• [INPUT]
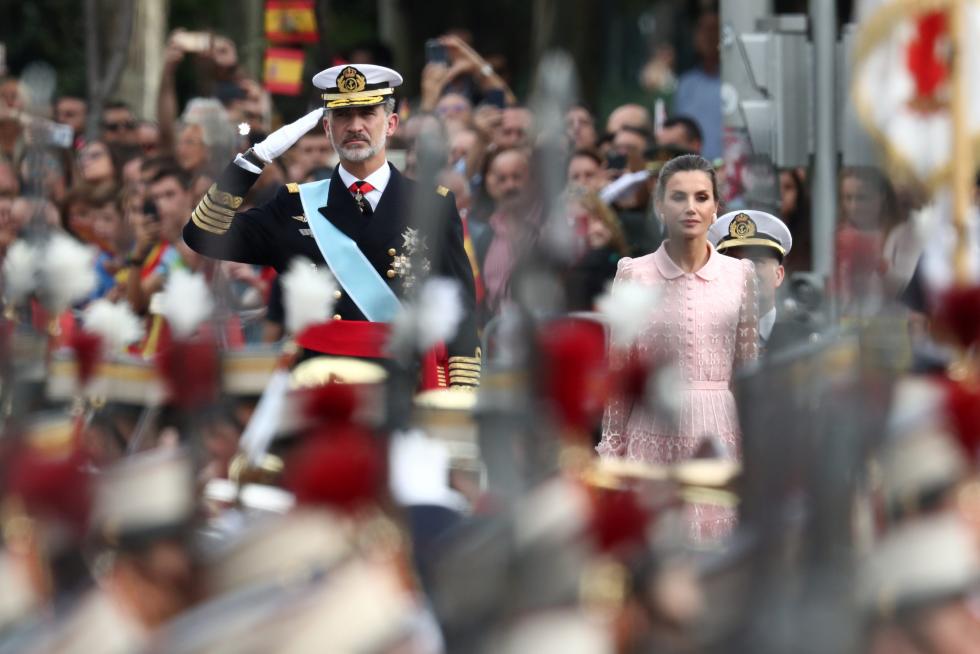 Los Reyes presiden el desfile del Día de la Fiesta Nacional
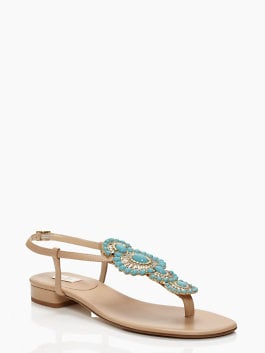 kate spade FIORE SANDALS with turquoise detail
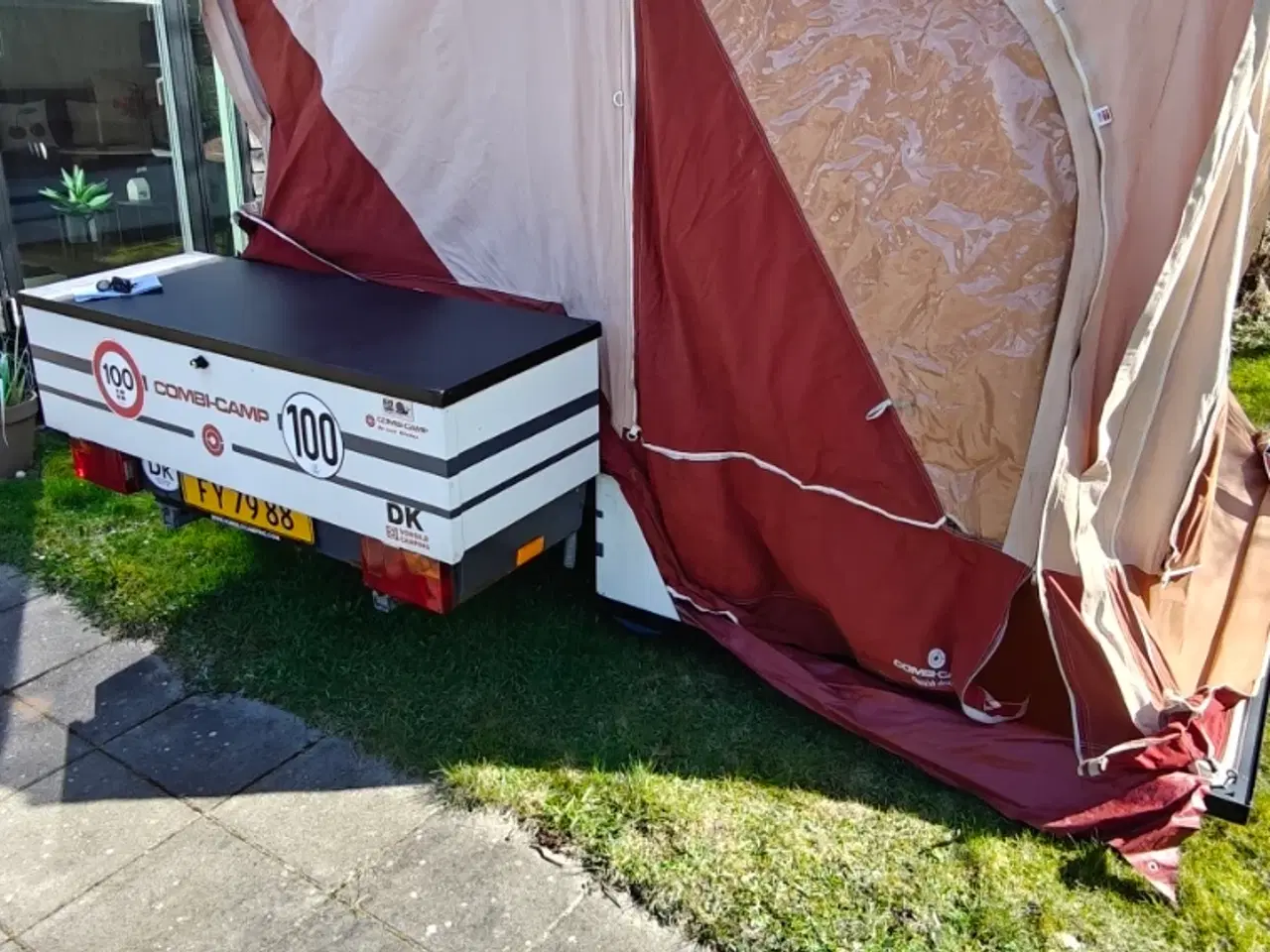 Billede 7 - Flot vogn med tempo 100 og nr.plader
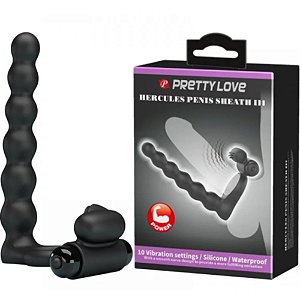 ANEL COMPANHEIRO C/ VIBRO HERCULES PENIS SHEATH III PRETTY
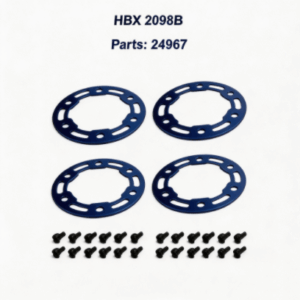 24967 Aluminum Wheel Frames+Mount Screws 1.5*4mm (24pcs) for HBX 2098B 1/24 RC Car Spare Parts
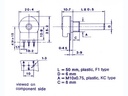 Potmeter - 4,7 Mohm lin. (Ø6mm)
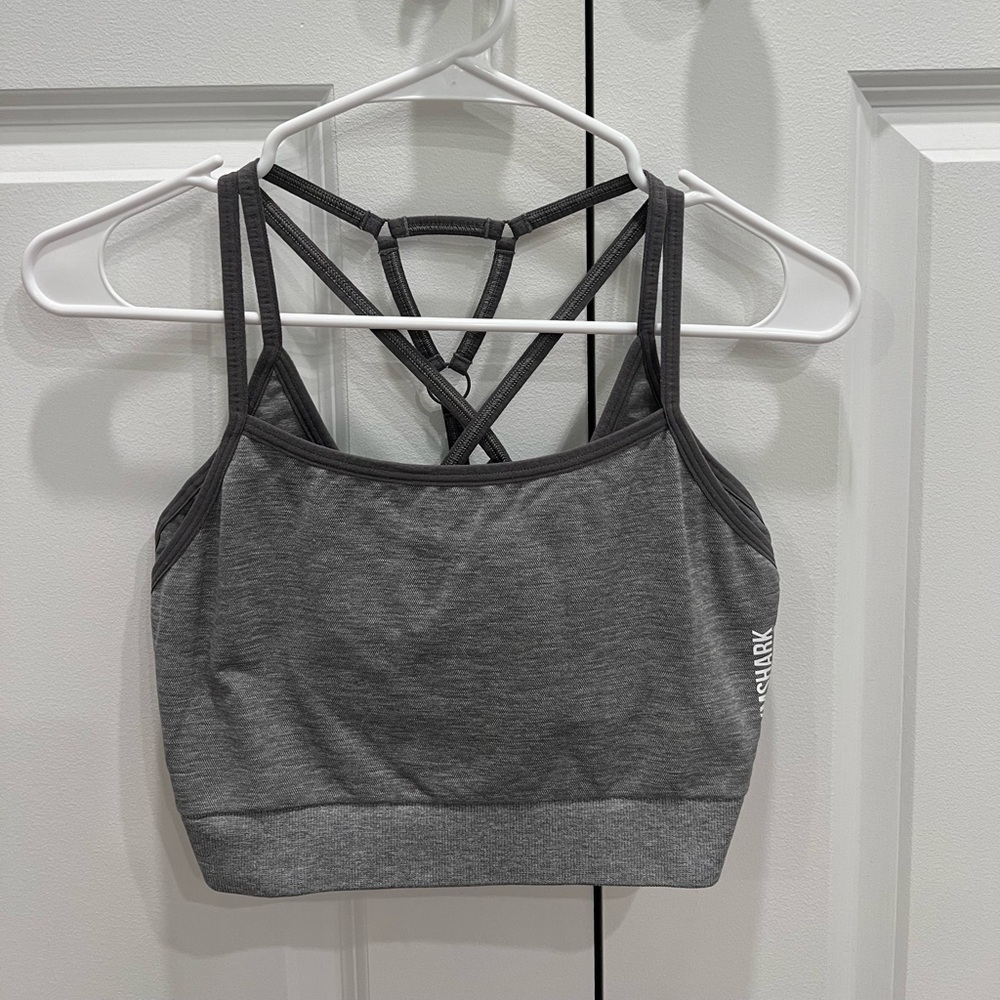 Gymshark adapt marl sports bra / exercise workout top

---

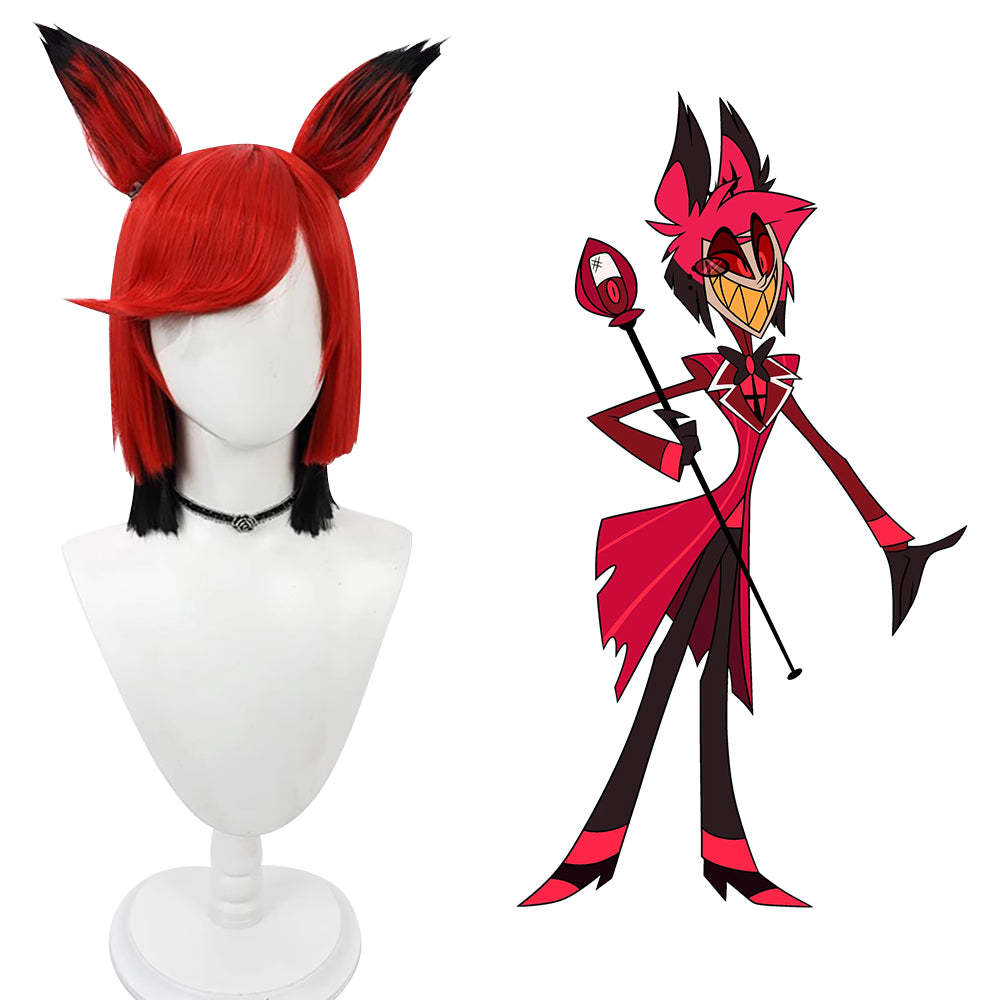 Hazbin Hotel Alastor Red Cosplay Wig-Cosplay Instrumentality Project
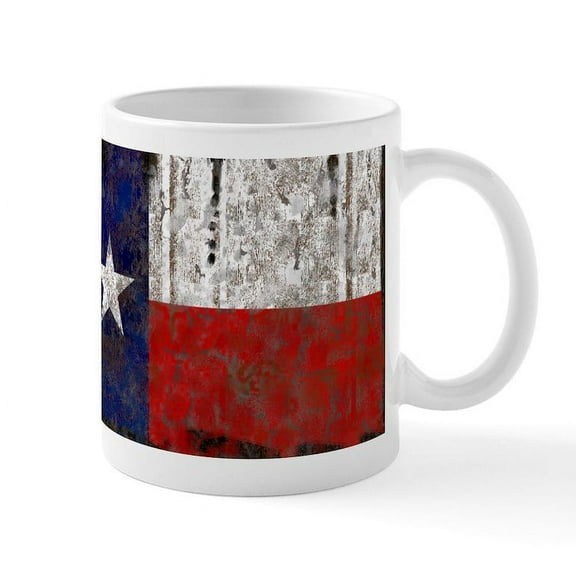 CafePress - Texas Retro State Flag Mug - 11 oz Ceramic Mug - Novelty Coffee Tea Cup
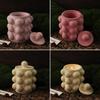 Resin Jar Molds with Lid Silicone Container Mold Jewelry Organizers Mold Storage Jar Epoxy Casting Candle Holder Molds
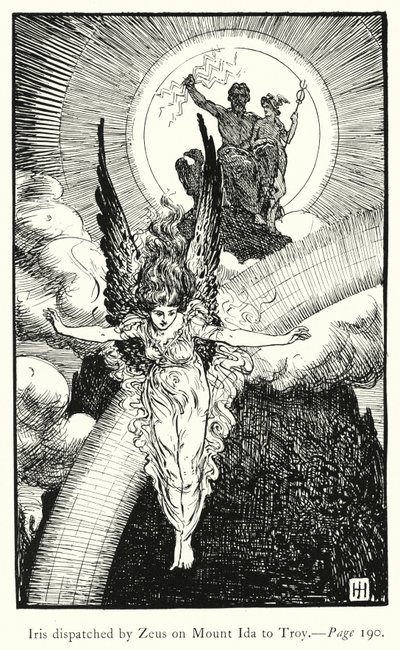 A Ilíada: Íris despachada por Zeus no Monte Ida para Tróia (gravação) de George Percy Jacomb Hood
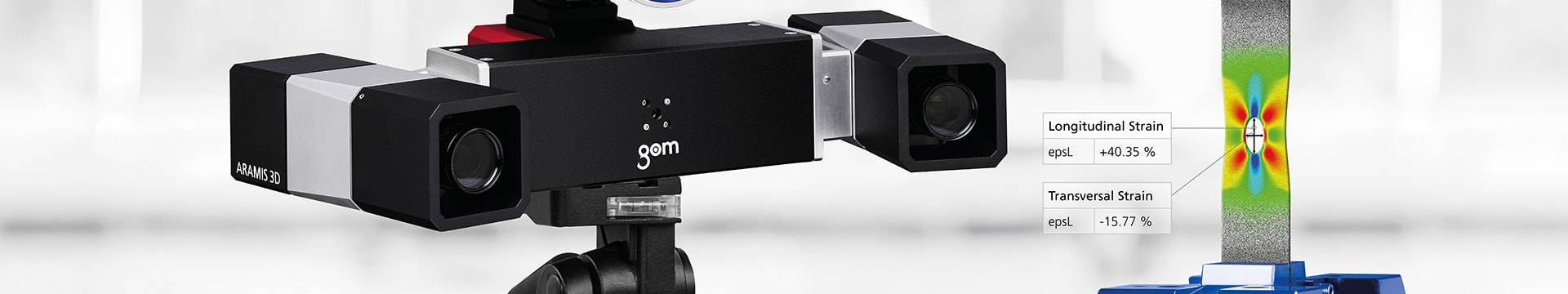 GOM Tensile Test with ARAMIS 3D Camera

--

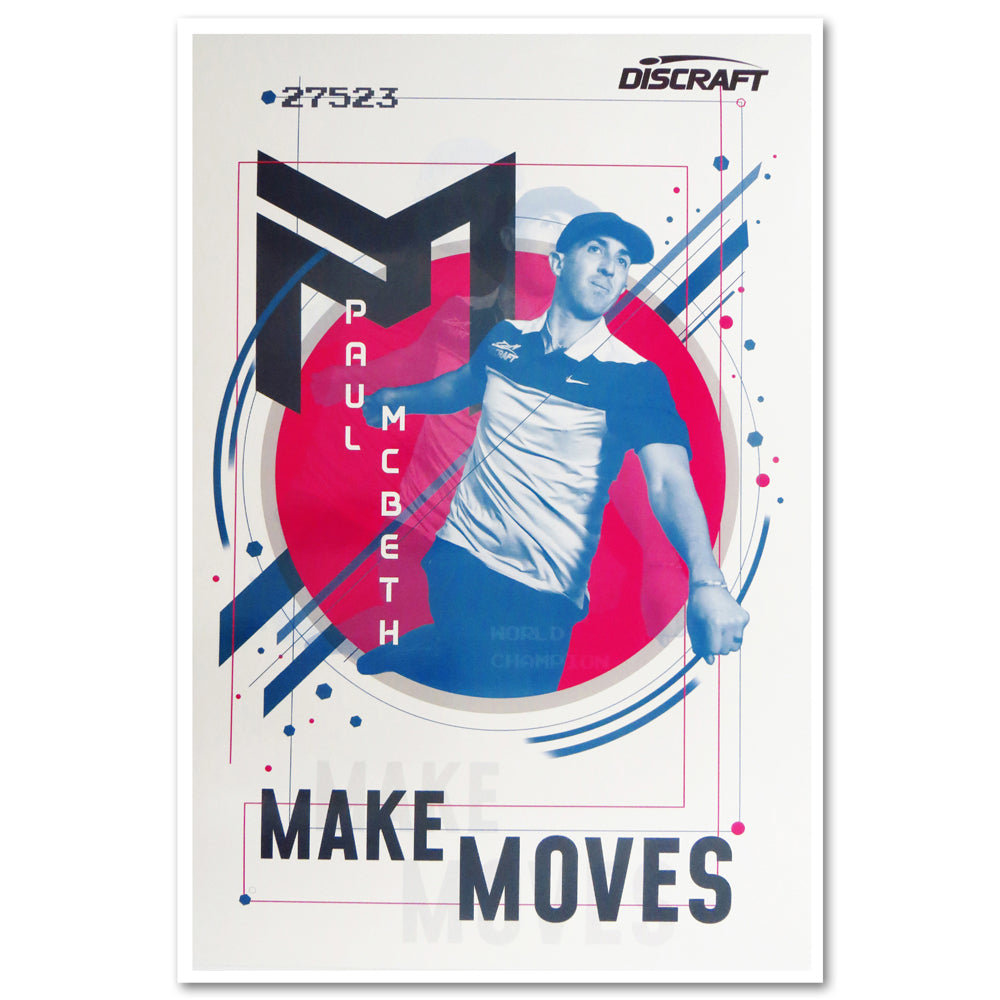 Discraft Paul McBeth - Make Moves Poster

• [WHAT THE TASK REQUIRES] Please repeat, exactly as written, the lines in the records above, starting with the one that has "Potmeter - 4,7 Mohm lin. (Ø6mm)" and going on through the one that has "Gymshark adapt marl". Pictures are to be left out.

• [TASK ANSWER]
 Potmeter - 4,7 Mohm lin. (Ø6mm)
 Gymshark adapt marl sports bra / exercise workout top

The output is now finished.